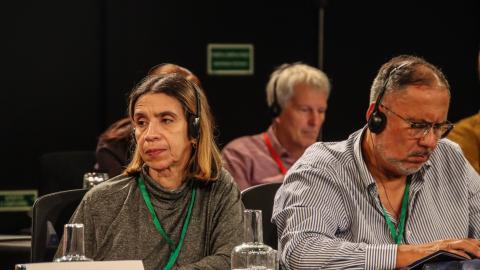Encerramento da IV Conferência Dilemas da Humanidade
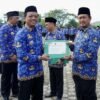 27 Pekon & Kelurahan di Pringsewu Peroleh Piagam Penghargaan Program ProKlim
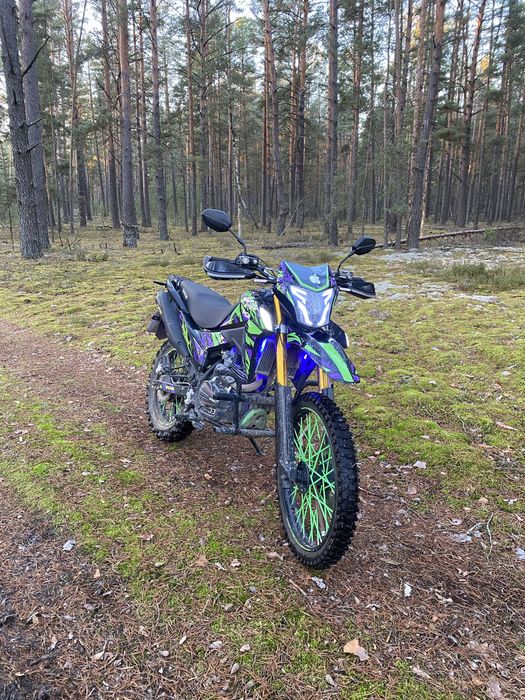 Шенерай VXR300!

+ + + + +

**TASK STATEMENT**
The response has to be an exact copy of all the data, pictures excluded.

**THE ANSWER**
Encerramento da IV Conferência Dilemas da Humanidade
 27 Pekon & Kelurahan di Pringsewu Peroleh Piagam Penghargaan Program ProKlim
 Шенерай VXR300!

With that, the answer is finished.